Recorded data
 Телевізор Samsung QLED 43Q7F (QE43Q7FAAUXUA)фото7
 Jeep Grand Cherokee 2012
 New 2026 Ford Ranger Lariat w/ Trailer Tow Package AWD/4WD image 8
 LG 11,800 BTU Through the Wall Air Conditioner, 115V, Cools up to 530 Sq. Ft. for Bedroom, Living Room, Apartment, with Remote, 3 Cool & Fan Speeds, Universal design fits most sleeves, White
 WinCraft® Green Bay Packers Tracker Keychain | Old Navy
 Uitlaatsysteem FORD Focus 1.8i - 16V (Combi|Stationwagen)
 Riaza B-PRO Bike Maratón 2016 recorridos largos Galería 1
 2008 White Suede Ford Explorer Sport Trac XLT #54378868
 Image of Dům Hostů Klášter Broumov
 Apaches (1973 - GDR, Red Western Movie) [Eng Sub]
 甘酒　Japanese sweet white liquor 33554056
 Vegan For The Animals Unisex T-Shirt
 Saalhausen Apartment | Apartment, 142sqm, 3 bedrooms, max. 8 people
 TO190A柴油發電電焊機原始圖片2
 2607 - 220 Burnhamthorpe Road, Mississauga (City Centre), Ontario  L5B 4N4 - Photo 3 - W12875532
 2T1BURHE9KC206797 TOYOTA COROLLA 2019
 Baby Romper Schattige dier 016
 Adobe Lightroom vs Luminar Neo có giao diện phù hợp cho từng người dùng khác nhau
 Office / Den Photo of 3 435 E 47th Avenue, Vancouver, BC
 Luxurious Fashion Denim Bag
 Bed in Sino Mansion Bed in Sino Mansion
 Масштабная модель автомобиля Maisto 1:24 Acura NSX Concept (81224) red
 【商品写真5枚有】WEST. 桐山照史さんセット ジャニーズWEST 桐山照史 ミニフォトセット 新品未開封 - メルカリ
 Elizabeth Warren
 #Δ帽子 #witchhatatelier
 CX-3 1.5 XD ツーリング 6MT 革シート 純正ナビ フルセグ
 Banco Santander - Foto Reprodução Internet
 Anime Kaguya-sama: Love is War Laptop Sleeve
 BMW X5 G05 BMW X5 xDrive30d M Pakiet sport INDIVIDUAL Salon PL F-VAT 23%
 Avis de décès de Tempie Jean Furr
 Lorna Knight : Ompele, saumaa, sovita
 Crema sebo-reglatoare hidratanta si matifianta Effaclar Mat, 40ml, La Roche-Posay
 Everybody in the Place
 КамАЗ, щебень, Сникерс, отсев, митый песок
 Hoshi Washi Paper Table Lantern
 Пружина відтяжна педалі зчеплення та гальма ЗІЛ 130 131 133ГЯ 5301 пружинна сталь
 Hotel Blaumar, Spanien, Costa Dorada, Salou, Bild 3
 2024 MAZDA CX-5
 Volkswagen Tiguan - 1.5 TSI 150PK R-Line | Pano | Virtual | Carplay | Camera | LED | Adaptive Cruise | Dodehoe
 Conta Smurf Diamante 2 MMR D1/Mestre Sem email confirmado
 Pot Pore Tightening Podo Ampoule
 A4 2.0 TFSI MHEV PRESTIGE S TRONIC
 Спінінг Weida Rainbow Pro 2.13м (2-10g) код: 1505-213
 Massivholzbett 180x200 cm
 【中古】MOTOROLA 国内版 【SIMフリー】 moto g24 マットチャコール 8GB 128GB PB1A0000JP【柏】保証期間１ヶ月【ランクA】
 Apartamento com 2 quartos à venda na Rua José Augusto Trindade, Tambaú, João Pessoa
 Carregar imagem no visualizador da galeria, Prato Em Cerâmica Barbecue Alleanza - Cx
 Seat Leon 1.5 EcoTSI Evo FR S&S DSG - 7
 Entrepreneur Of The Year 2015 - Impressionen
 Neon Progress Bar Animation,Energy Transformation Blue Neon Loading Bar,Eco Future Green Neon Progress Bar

● **PROMPT**
Of the entries above, transcribe exactly those lines that fall between the line containing "Масштабная модель автомобиля" and the line containing "Пружина відтяжна педалі", together with those two lines.

● **ANSWER BOX**
 Масштабная модель автомобиля Maisto 1:24 Acura NSX Concept (81224) red
 【商品写真5枚有】WEST. 桐山照史さんセット ジャニーズWEST 桐山照史 ミニフォトセット 新品未開封 - メルカリ
 Elizabeth Warren
 #Δ帽子 #witchhatatelier
 CX-3 1.5 XD ツーリング 6MT 革シート 純正ナビ フルセグ
 Banco Santander - Foto Reprodução Internet
 Anime Kaguya-sama: Love is War Laptop Sleeve
 BMW X5 G05 BMW X5 xDrive30d M Pakiet sport INDIVIDUAL Salon PL F-VAT 23%
 Avis de décès de Tempie Jean Furr
 Lorna Knight : Ompele, saumaa, sovita
 Crema sebo-reglatoare hidratanta si matifianta Effaclar Mat, 40ml, La Roche-Posay
 Everybody in the Place
 КамАЗ, щебень, Сникерс, отсев, митый песок
 Hoshi Washi Paper Table Lantern
 Пружина відтяжна педалі зчеплення та гальма ЗІЛ 130 131 133ГЯ 5301 пружинна сталь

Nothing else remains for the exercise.